Smail Goumeziane ne pense pas que la réduction des subventions ou carrément leur suppression peut constituer une solution durable à la crise. «En effet, si la nécessité d’une analyse sérieuse de la politique de subventions est incontournable, ne serait-ce que pour en comprendre les avantages et les inconvénients, voire les effets pervers, il reste qu’en la matière toute décision hâtive ou bureaucratique est à proscrire tant ce sujet est particulièrement sensible car touchant, pour l’essentiel, au pouvoir d’achat des couches sociales les plus démunies», alerte-t-il et pour qui «toute restructuration des subventions et modification des mécanismes de leur allocation doivent se faire en respectant un principe essentiel : celui de la progressivité». «Car, soutient cet économiste, on ne peut bouleverser un tel système en une ou deux lois de finances.»
«Certes, la crise des finances publiques est douloureuse mais on ne peut remplacer une douleur, celle subie par les autorités, par une autre douleur, celle subie par les couches sociales les plus démunies. Et la seule baisse, voire suppression des subventions, ne fait pas une politique budgétaire», poursuit Smail Goumeziane qui appelle à l’exploitation des «gisements financiers» existants, notamment les surfacturations liées au commerce extérieur, les transferts invisibles de capitaux et la fraude fiscale, sans oublier les ravages du change parallèle.
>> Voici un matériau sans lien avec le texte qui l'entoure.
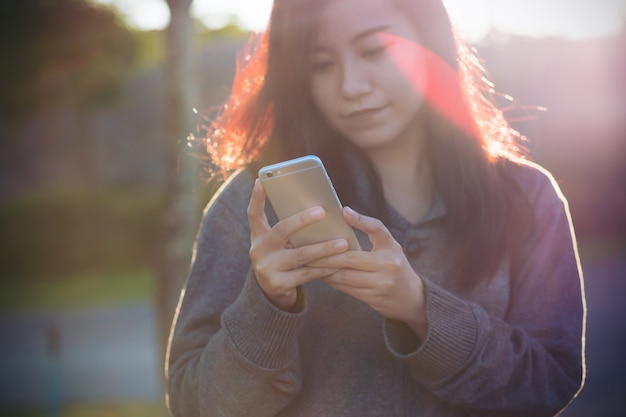 Frau mit Smartphone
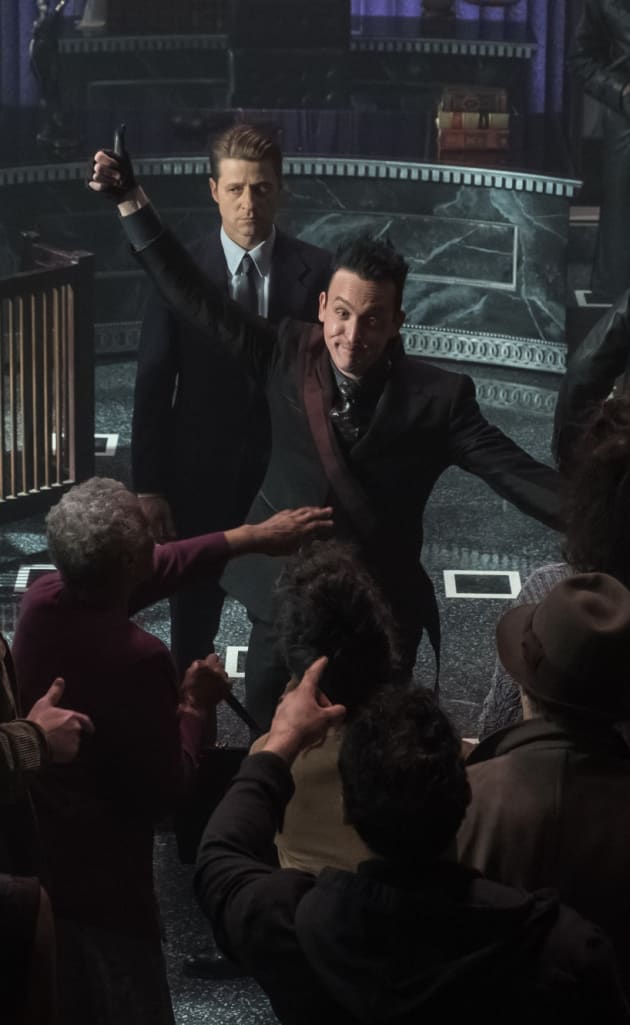 Judge and Lawyer - Gotham Season 5 Episode 4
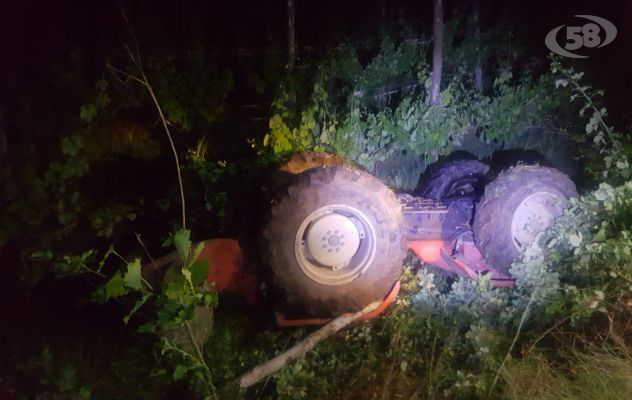 Tragedia nei campi, muore schiacciato dal trattore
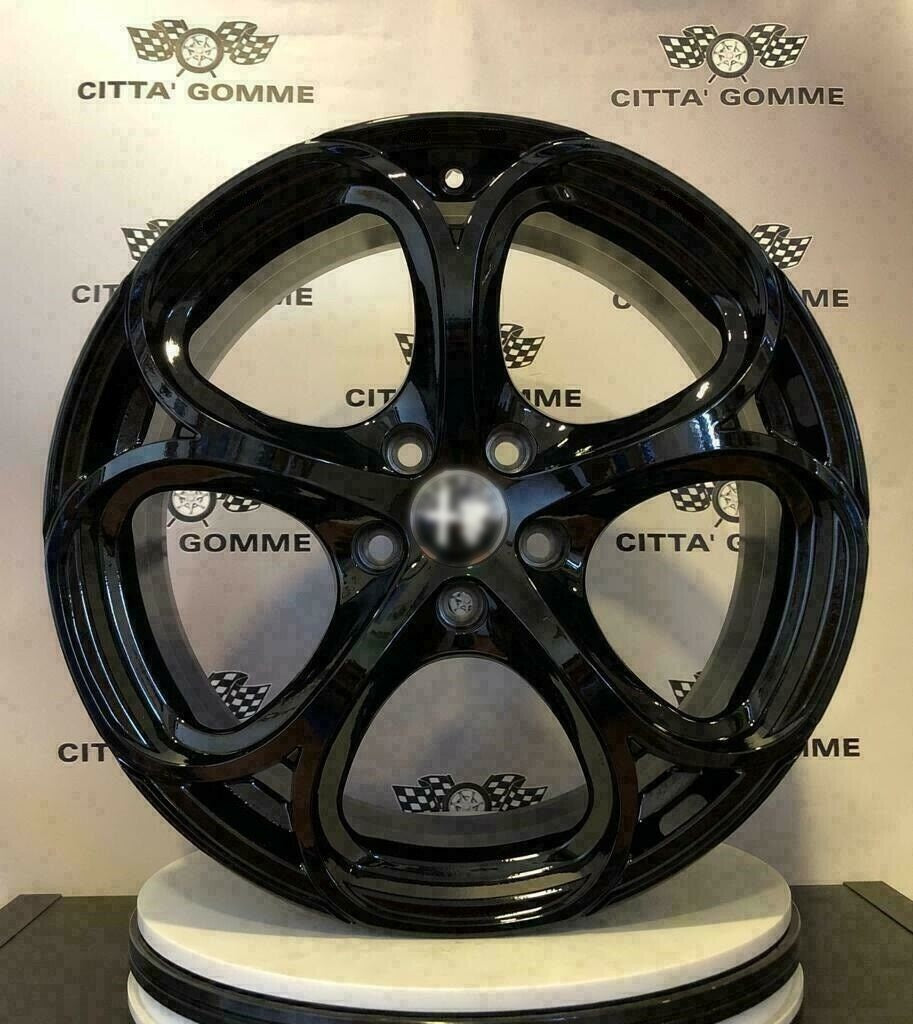 Set da 4 Cerchi in lega Msw82 per Alfa Romeo Giulia Giulietta Stelvio Brera 159 Spyder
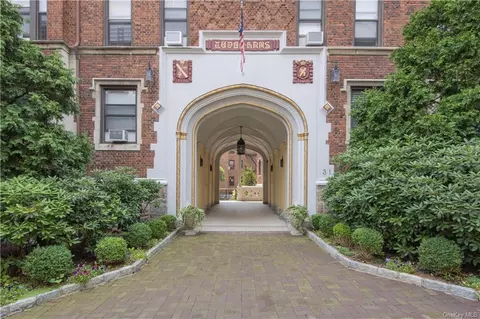 31 Pondfield Rd W #7, Yonkers, NY 10708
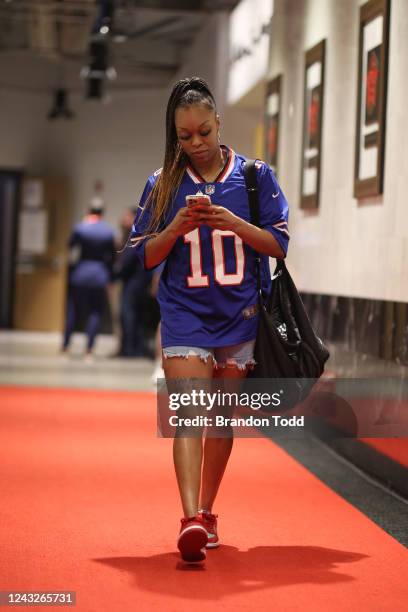 Odyssey Sims of the Connecticut Sun arrives to the arena before the game /LV during Game 3 of the WNBA Finals on September 15, 2022 at Mohegan Sun...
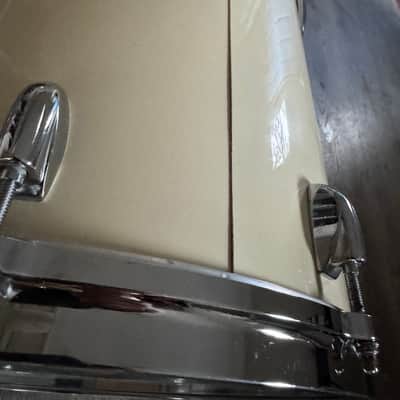 Gretsch Vintage Early 80s 13x15 (15 Diameter) Tom Floor Tom White Nitron Jasper Shell Excellent Condition image 4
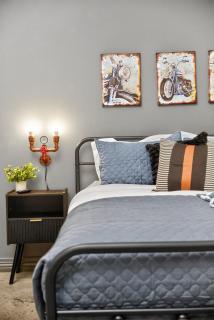 Industrial Flat, Pool, Gym, Game & Movie rooms, Free Valet, Downtown Dallas - 7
Cet ancien ministre parle de quelque 18 milliards de dollars de surfacturations, de 1,5 à 2 milliards de dollars de transferts invisibles de capitaux et de près de 3 milliards de dollars de fraude fiscale. Soit un montant global et annuel de l’ordre de 23 milliards de dollars. Un montant aussi important que celui des subventions estimées annuellement à 27 milliards de dollars. Mais pour «récupérer» toutes ces sommes «invisibles», il faudrait, selon lui, s’atteler au plus vite à trois grandes réformes : «Celle du commerce extérieur, afin d’en maîtriser les flux physiques et financiers ; celle de la fiscalité, pour mettre un terme à la fraude, aux rentes spéculatives et à l’enrichissement sans cause ; celle, enfin, de la politique de change et de l’éventuelle convertibilité du dinar.»